Would this be finite?
$2)$ Points in $4D$ (coordinates written as $(a,b,c,d))$;
This is uncountable, right?
$3)$ The set of functions from natural numbers to the reals that are within $O(n^2)$.
No idea where to start for this one.
 A: *

*A set is "finite" if it can be placed in 1-1 correspondence with the set of natural numbers $< n$ for some $n$. More generally, it is sufficient to place it in 1-1 correspondence with some set of integers which is bounded both above and below.

*A set is "countable" if it can be placed in 1-1 correspondence with some subset of the natural numbers. Note that this includes finite sets, but also some infinite sets. Since the sets of all rationals is in 1-1 correspondence with the set of naturals, it is sufficient to place a set in 1-1 correspondence with some set of rationals to show that it is countable.

*A set is "infinite" if it is not finite. Since any finite set of real numbers is bounded, to prove a set is infinite, it is sufficient to put it in 1-1 correspondence with any unbounded set of real numbers.

*A set is "countably infinite" or "denumerable", if it is both countable and infinite. From the above remarks, it follows that to prove denumerability, it is sufficient to put a set in 1-1 correspondence with some unbounded set of rational numbers.

*A set is "uncountable" if it is not countable. Since all finite sets are countable, uncountable sets are all infinite.

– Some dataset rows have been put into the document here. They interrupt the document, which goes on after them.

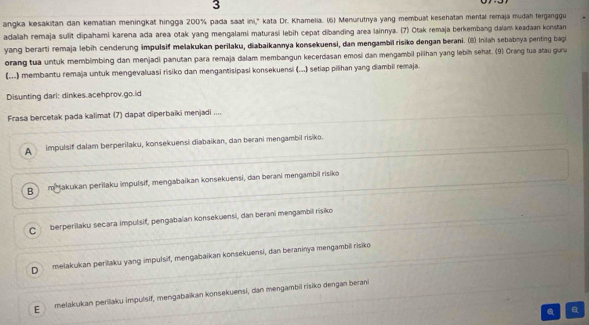 angka kesakitan dan kematian meningkat hingga 200% pada saat ini,' kata Dr. Khamelia. (6) Menurutrya yang membuat kesehatan mental remaja mudah terganggu
adalah remaja sulit dipahami karena ada area otak yang mengalami maturasi lebih cepat dibanding area lainnya. (7) Otak remaja berkembang daiam keadaan konstan
yang berarti remaja lebih cenderung impulsif melakukan perilaku, diabaikannya konsekuensi, dan mengambil risiko dengan berani. (8) Inlah sebabnya penting bagi
orang tua untuk membimbing dan menjadi panutan para remaja dalam membangun kecerdasan emosi dan mengambil piihan yang lebih sehat. (9) Crang tua atau guru
(...) membantu remaja untuk mengevaluasi risiko dan mengantisipasi konsekuensi (..) setiap pilihan yang diambii remaja.
Disunting dari: dinkes.acehprov.go.id
Frasa bercetak pada kalimat (7) dapat diperbaiki menjadi ....
A impulsif dalam berperilaku, konsekuensi diabaikan, dan berani mengambil risiko.
B mjakukan perilaku impulsif, mengabaikan konsekuensi, dan berani mengambil risiko
C berperilaku secara impulsif, pengabaian konsekuensi, dan berani mengambil risiko
D melakukan perilaku yang impulsif, mengabaikan konsekuensi, dan beraninya mengambil risiko
E melakukan perilaku impulsif, mengabaikan konsekuensi, dan mengambil risiko dengan berani
a a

Per Cantor's theorem, the real numbers are uncountable. Further, since any interval can be put in 1-1 correspondence with the entire set of real numbers, to show a set is uncountable, it is sufficient to put it in 1-1 correspondence with some interval. 

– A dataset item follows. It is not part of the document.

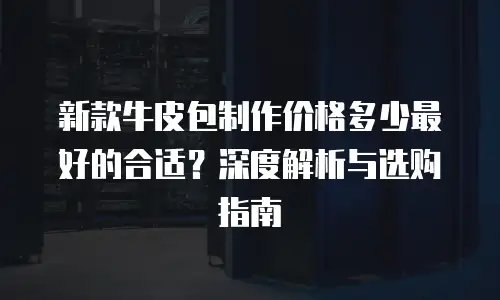 新款牛皮包制作价格多少最好的合适？深度解析与选购指南
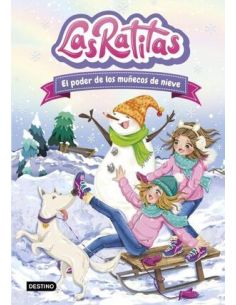 Las Ratitas 6. El Poder De Los Muñecos De Nieve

The size of any set is obviously greater than or equal to the size of any subset. This gives us some inheritance relations: 


*

*Any subset of a finite set is also finite.

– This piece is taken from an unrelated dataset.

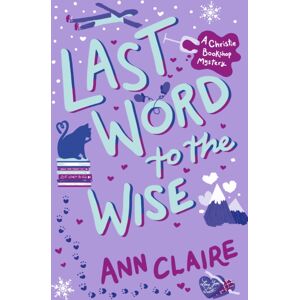 Headline Publishing Group Last Word To The Wise : A Charming And Addictive Cosy Murder Mystery Headline Publishing Group Last Word To The Wise : A Charming And Addictive Cosy Murder Mystery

*Any subset of a countable set is also countable.

*Any superset of an infinite set is also infinite.

*Any superset of an uncountable set is also uncountable.


For your problems:


*

*for each real number in the interval $(0,1)$, we can consider its binary expansion. Certain numbers have two binary expansions, one ending in repeating $0$s and one ending in repeating $1$s. For example:
$$0.10000\ldots_2 = 0.01111\ldots_2$$
For definiteness, we always choose the one with repeating $0$s. Each $x \in (0,1)$ can be translated into the function $f_x : \Bbb N \to \{\text{true},\ \text{false}\}$ that carries $i$ to the value $\text{true}$ if the $i^\text{th}$ bit of $x$ is $1$, and $\text{false}$ otherwise. The map $x \mapsto f_x$ is a 1-1 correspondence between the interval (0,1) and a subset of your set of functions. Since the subset is therefore uncountable, your set is uncountable.

*The map $x \mapsto (x, 0, 0, 0)$ is a 1-1 correspondence between $\Bbb R$ and a subset of $\Bbb R^4$. Hence $\Bbb R^4$ is uncountable.

*Any constant function of $n$ is $O(n^2)$. For each $a \in \Bbb R$, define $g_a\ :\ \Bbb N \to \Bbb R\ :\ n \mapsto a$. I.e., $g_a$ is the constant map with image $\{a\}$. Then $a \mapsto g_a$ is a 1-1 correspondence between $\Bbb R$ and a subset of the set of $O(n^2)$ functions. Hence the set of $O(n^2)$ functions is also uncountable.

A: 1. Imagine writing any real value in binary.  Is there, or is there not, a bijection from such numerals to the functions described in this question?
2. These points are just as finite, countable, or uncountable as a single coordinate would be.  (I.e., if $a, b, c, d$ are drawn from a finite list, then the $4$-d points are likewise finite; if $a, b, c, d$ are drawn from a countably infinite list, then the $4$-d points are also; etc.)
3. What is $n$ here?  If $n$ is bounded, then it seems that the set of functions must also be bounded.  But it would help to know what $n$ represents here.